Debe recordarse que ya desde las primeras semanas de la presidencia del desaparecido presidente Kirchner se dañaron y ocuparon instalaciones de empresas privadas ante la pasividad oficial y hasta con la simpatía poco disimulada de algunos de sus máximos representantes. Elementos adictos al Gobierno incendiaron una comisaría de la ciudad y siguieron actuando, como si nada, como portavoces callejeros de una política incomprensible de destrucción del mismísimo Estado de Derecho.

Hay referencias de que la Casa Rosada resignó posiciones y aceptó introducir un giro de 180 grados en la política aplicada al menos al caso del parque Indoamericano, después de percibir que el pánico y la crítica comenzaban a cundir entre las personalidades de mayor madurez emocional en sus propias filas. El temor al contagio y a la propagación de hechos como el de Villa Soldati ha trazado, con invariable regularidad en el mundo, políticas que sólo este gobierno se ha atrevido a ignorar.

No ha alcanzado a entenderse, en cambio, la declaración del jefe de Gabinete de que no hay delito en ocupaciones como las que han mantenido en vilo al país; el intendente de Quilmes, también kirchnerista, opinó, a renglón seguido, lo contrario. Aun en el supuesto falso de que la juridicidad de aquellos actos diera lugar a algún tipo de controversia académica, constituye una imprudencia amenguar la gravedad de situaciones que deben contenerse antes de que se extiendan. Ya la expansión del fenómeno se había hecho presente en otros lugares, unos próximos, otros más lejanos, y lo que urgía era, más que el disimulo de la magnitud con que se ha afrentado el orden constitucional, evitar que las chispas del incendio se multiplicaran por doquier.

La anterior ministra de Defensa no llega, conviene decirlo con claridad, con los mejores títulos para ocuparse de la seguridad interna en el flamante ministerio creado por la Presidenta. Su gestión ha dejado a las Fuerzas Armadas y, por extensión a la Argentina, en un deplorable estado de indefensión. El desaliento ha cundido, además, en sus cuadros como consecuencia de una política de perversa y arbitraria persecución de algunos de quienes han revistado entre los mejores oficiales y han debido alejarse de la actividad militar.

Claro que cualquier otra figura que hubiera sido designada para desempeñarse en el Ministerio de Seguridad habría de verse, de todos modos, en arduas dificultades para aliviar a los argentinos de la inseguridad física y jurídica en las actuales circunstancias. A esto se agregan las marchas y contramarchas en que se hunde la desorientación gubernamental.
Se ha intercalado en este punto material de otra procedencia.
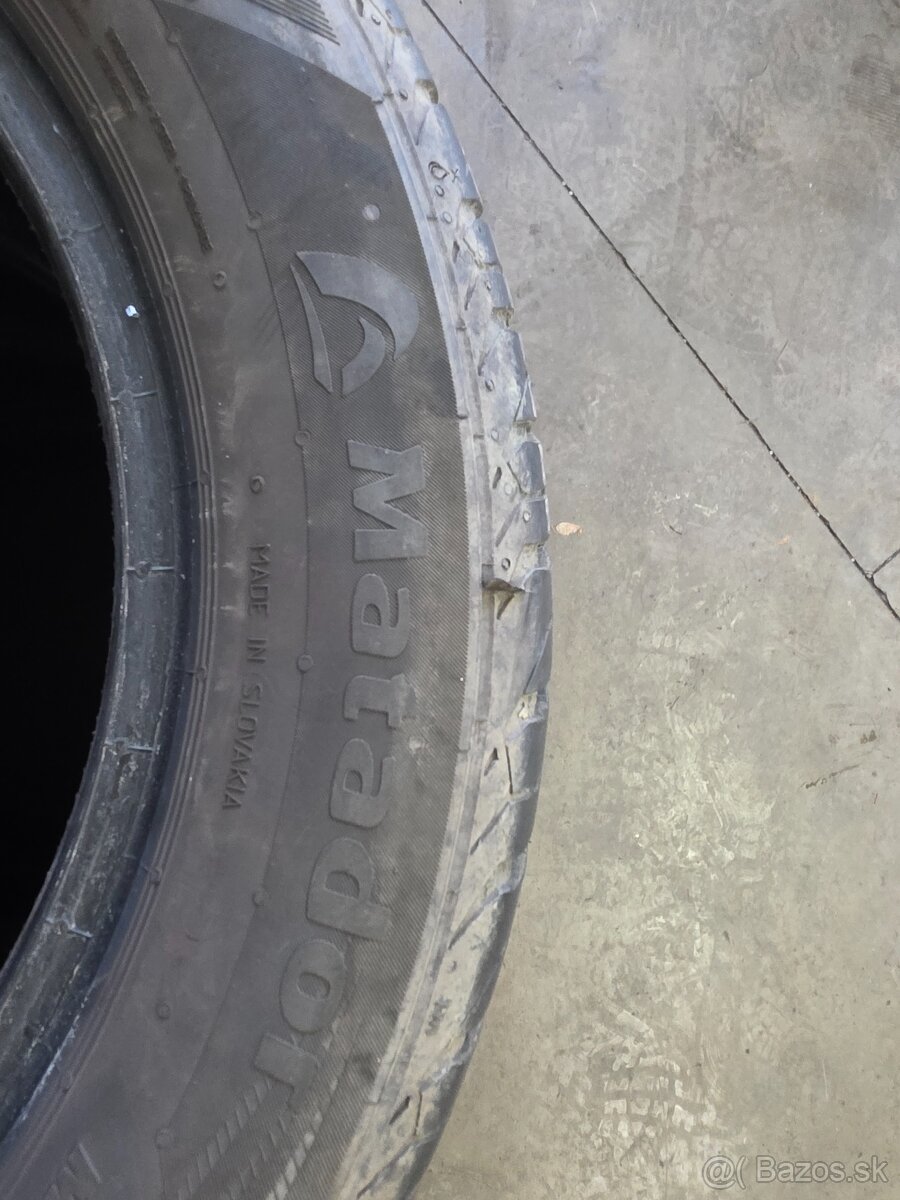 195/55R15 letne jazdene matador - 6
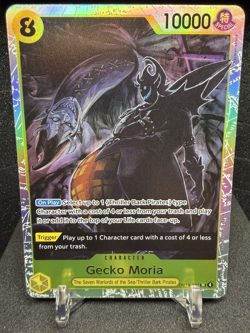 2025 | One Piece The Azure Sea's Seven | Gecko Moria SR | OP14-104 - Image 1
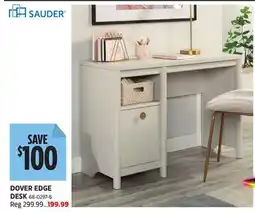 Canadian Tire SAUDER DOVER EDGE DESK offer
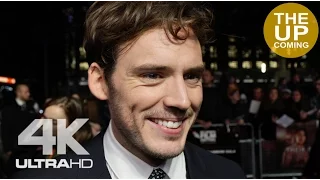 Their Finest premiere: Sam Claflin on acting, Gemma Arterton, moustache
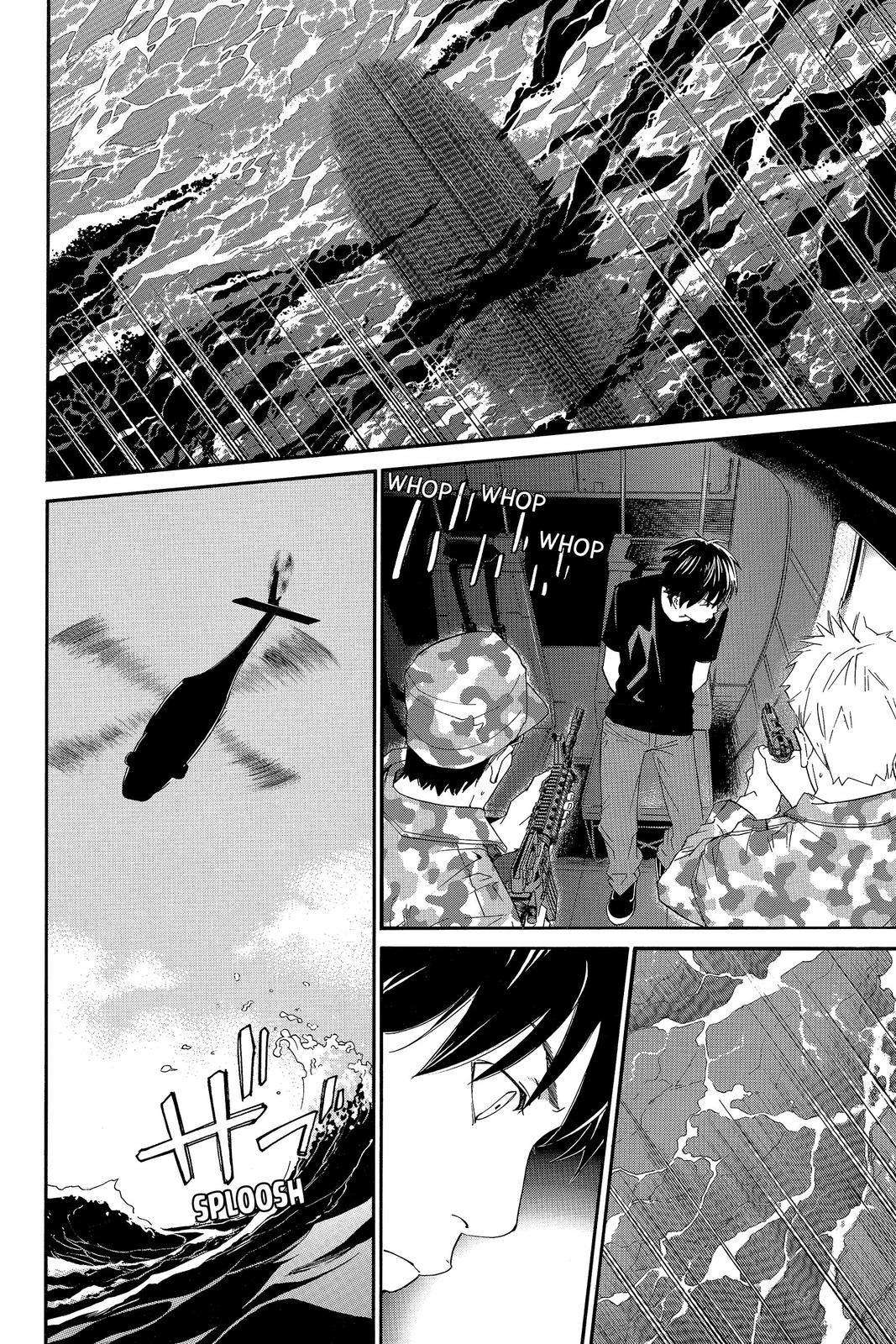 Read Alive_ The Final Evolution ENGLISH Manga Online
Tanto el jefe de Gabinete como el ministro de Justicia habían perdido en los papeles competencia directa en los asuntos de seguridad después de los hechos producidos en el parque Indoamericano. Pero fue Aníbal Fernández, uno de los dos afectados por la decisión presidencial, quien terminó negociando con Macri las condiciones -en rigor, impuestas por éste- para la liberación del parque Indoamericano.
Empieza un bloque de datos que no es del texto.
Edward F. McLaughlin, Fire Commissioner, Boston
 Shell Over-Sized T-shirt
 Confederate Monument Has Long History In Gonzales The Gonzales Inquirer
Si algo justifica la existencia del Estado es la constitución de un orden básico, privado del cual correríamos, como lo decíamos ayer en estas columnas, más los albures de las bestias que los de los hombres. Al concebirlo, los individuos ceden algo de su libertad personal en aras de alcanzar entre todos un objetivo superior. Es esto lo que debe entender el Gobierno, en lugar de derramar culpas a diestra y siniestra lavándose siempre las manos.
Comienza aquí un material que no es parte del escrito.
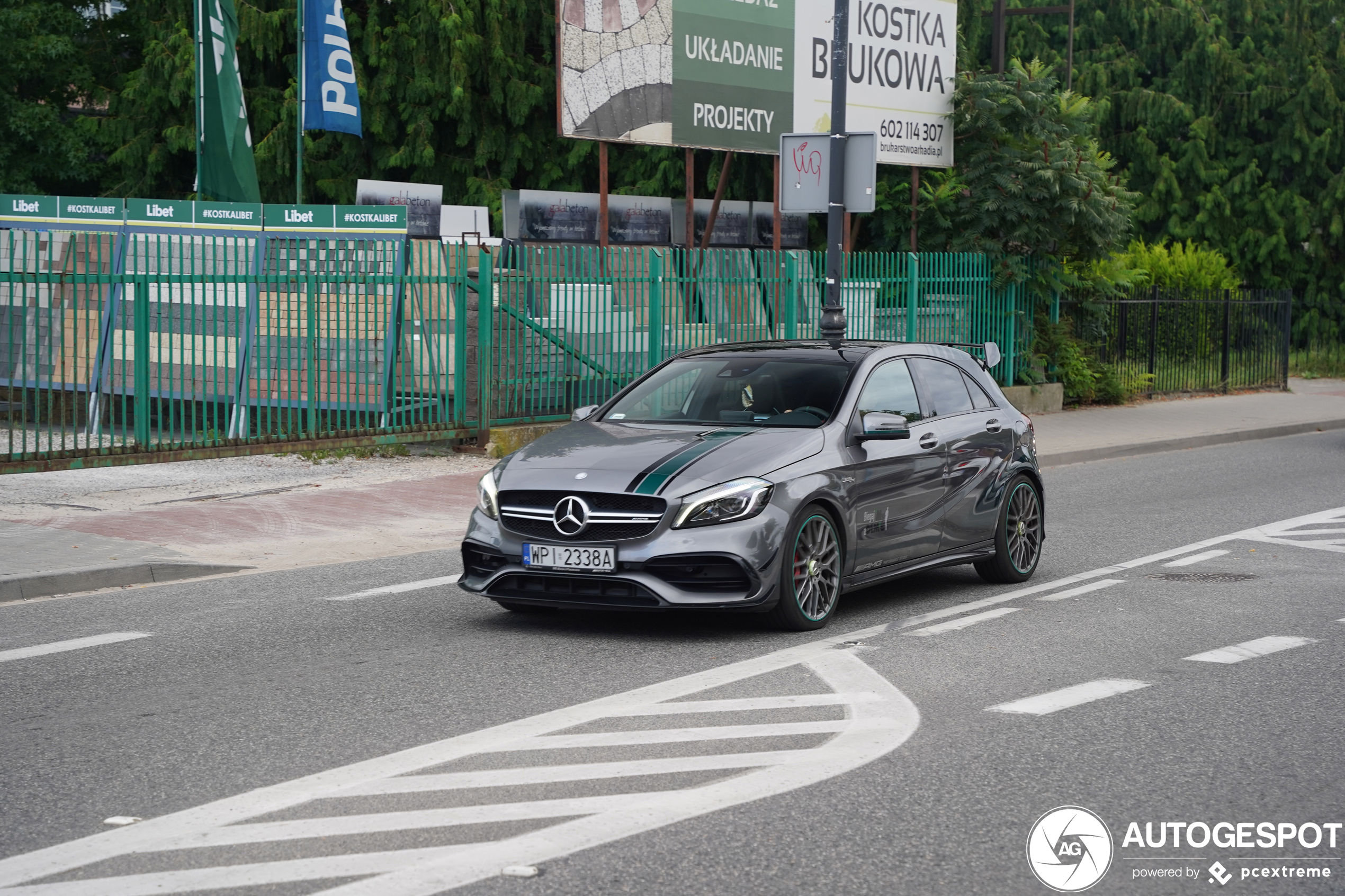 Mercedes-AMG A 45 W176 Petronas 2015 World Champions Edition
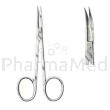 Ciseaux IRIS courbe (iridectomie) 11cm - 1 paire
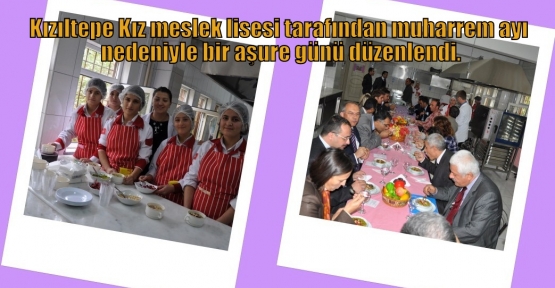 Kız Meslek'ten Aşure Günü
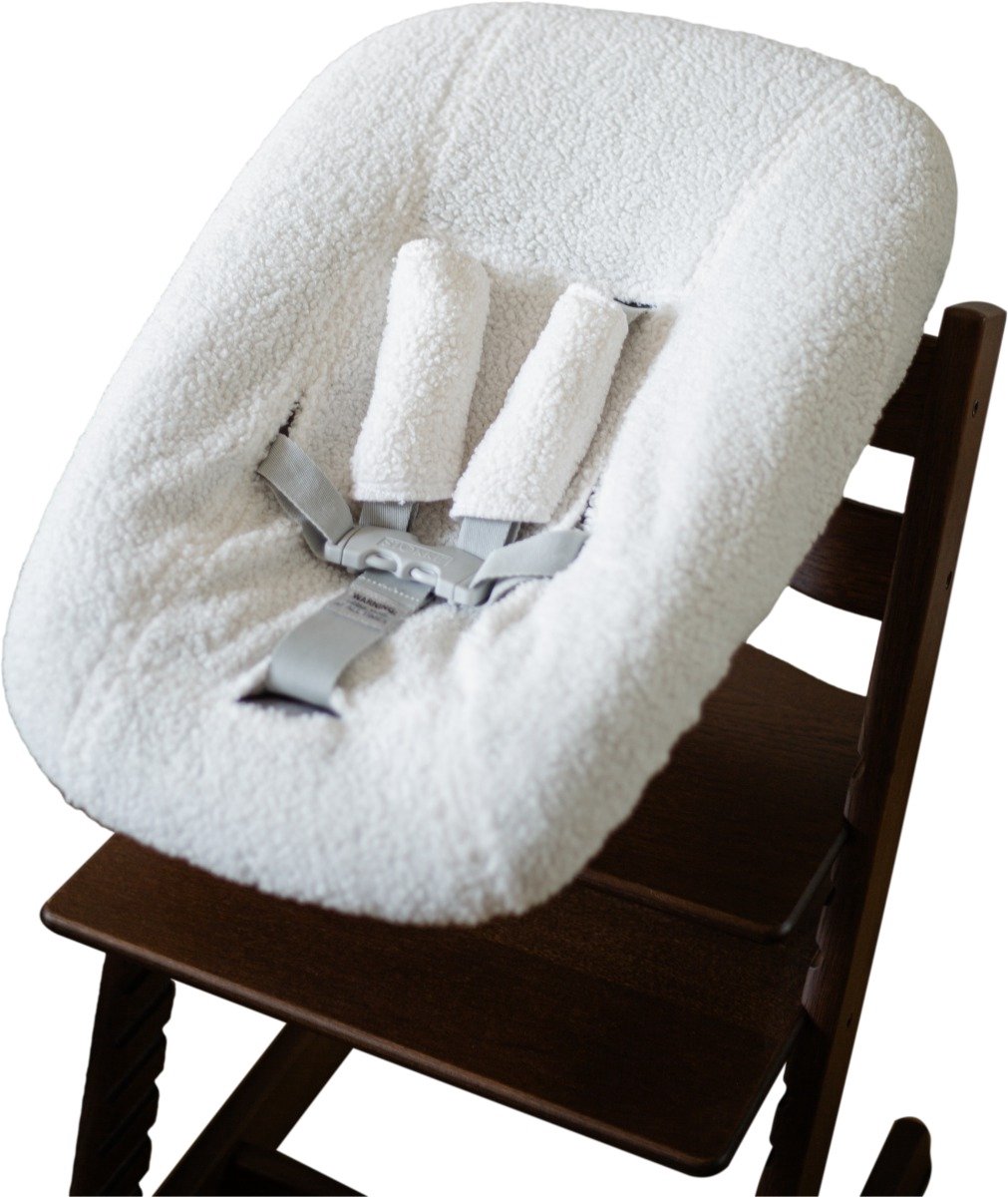 MamaLoes Teddy Bouclé Naturel Newbornhoes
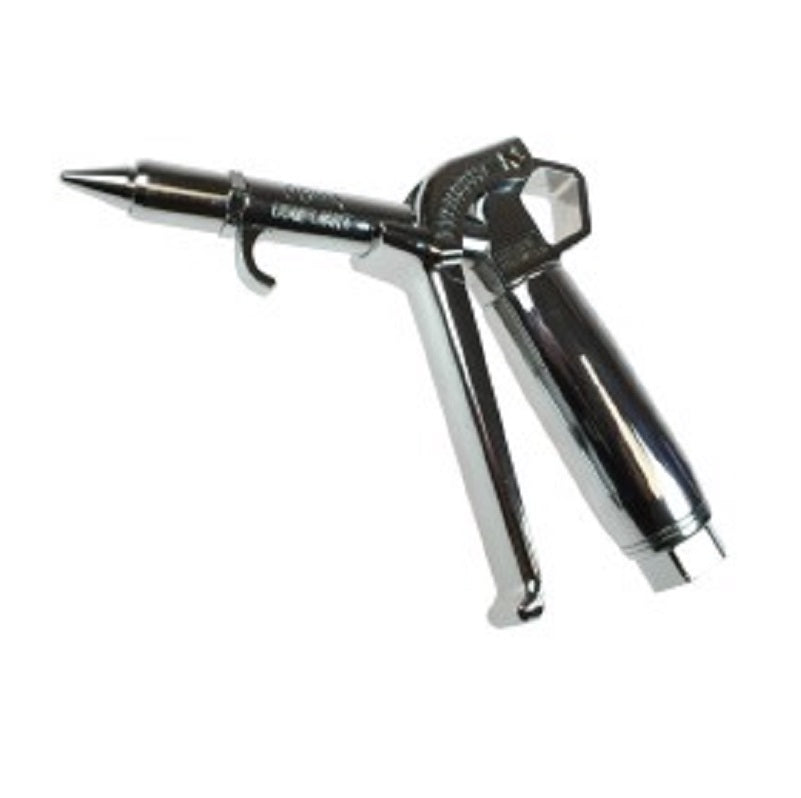 Blow Gun Typhoon with Chrome High Flow Tip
Cabe preguntarse cuál va a ser, entretanto, su política frente a las otras ocupaciones ilegales que se mantienen todavía sin variantes. Frescas están todavía las defecciones registradas en el Gran Buenos Aires durante los episodios que llevaron a la caída del gobierno de Fernando de la Rúa, en diciembre de 2001. Desde luego que en la preservación del orden mínimo esencial para el desenvolvimiento de una sociedad nadie puede desentenderse de sus responsabilidades personales, más aún si actúa en niveles de dirigencia política.